WHAT IS NEEDED » Count the lines in the entries that contain "through". Say the number and nothing more.

RECORDS »
:::::
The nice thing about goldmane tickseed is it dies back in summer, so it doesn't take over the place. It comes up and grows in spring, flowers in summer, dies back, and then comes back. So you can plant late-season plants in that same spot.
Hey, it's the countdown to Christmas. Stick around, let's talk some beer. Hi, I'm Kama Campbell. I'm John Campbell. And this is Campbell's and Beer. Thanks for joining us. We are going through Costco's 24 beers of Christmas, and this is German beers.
:::::
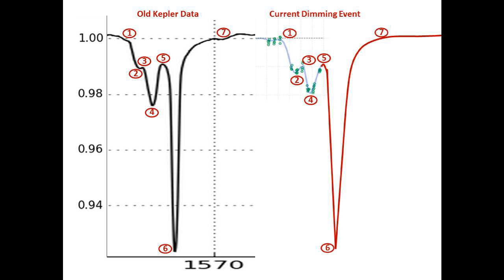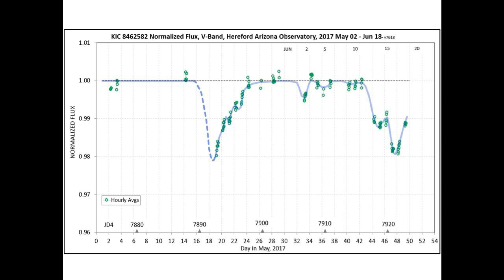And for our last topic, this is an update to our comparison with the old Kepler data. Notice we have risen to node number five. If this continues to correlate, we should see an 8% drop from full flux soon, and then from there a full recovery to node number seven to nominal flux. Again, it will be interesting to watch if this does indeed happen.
:::::
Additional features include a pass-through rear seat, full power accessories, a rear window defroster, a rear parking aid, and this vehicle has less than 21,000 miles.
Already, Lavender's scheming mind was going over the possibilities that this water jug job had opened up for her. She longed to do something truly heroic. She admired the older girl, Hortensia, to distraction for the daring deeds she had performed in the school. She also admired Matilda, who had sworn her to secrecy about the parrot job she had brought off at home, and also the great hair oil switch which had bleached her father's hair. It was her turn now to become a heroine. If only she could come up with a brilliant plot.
:::::
TASK RESULT » 2